The mere mention of an active neighborhood crime watch endeavor might be enough to scare off any criminals, according to Vella-Marrone.

“Just think that if there were signs in windows and on lawns stating the formation of such a group, letting others know that we are watching, people might think twice about hanging out on these blocks,” she wrote.

The formation of the community crime watch comes at a time when Dyker Heights has been in the news.

On Nov. 9, two people were killed in a two-alarm fire that ripped through a three-story apartment building at 6709 11th Ave. The fire also left several other people injured, according to authorities.

A 22-year-old woman who lives in the building was arrested and charged with arson after she allegedly started the fire after becoming incensed over litter in the hallway.

Dyker Heights is also bound to be in the news next month when the dazzling and controversial Christmas Lights Display takes place.

Civic Association leaders and Community Board 10 are working together to try and take tighter control over the famous Christmas Lights Display that attracts thousands of tourists to the neighborhood each December.

A request made by the community board to bring the festivities under the purview of the Mayor’s Street Activity Permit Office (SAPO) was knocked down by the city, which refused to grant a permit.

The community board had hoped that a permit would bring a sense of order to the often chaotic traffic tie-ups that take place every year when thousands of tourists descend on Dyker Heights to view the dazzling Christmas decorations put up by homeowners in the neighborhood.

The delightful giant Santas, snowmen, angels, reindeer and cartoon characters are fun to gawk at, but the holiday extravaganza is nerve-wracking to Dyker Heights residents, according to Josephine Beckmann, the community board’s district manager.

A SAPO permit would have officially categorized the Dyker Christmas Lights Display as a street activity, thereby bringing it under closer supervision by the city.
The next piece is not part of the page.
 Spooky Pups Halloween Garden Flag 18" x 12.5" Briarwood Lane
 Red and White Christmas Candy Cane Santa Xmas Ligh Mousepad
“The bottom line is that we need more resources in the community to handle all of the traffic coming through. It gets so bad sometimes that residents can’t get out of their own driveways,” Beckmann told the Brooklyn Eagle.

The Christmas Lights Display can be found in front of private homes in the area from 11th to 14th avenues and between 82nd and 86th streets.

NYPD officials told Beckmann that assigning additional cops to the Dyker Heights area during the Christmas Lights Display would help alleviate some of the traffic concerns.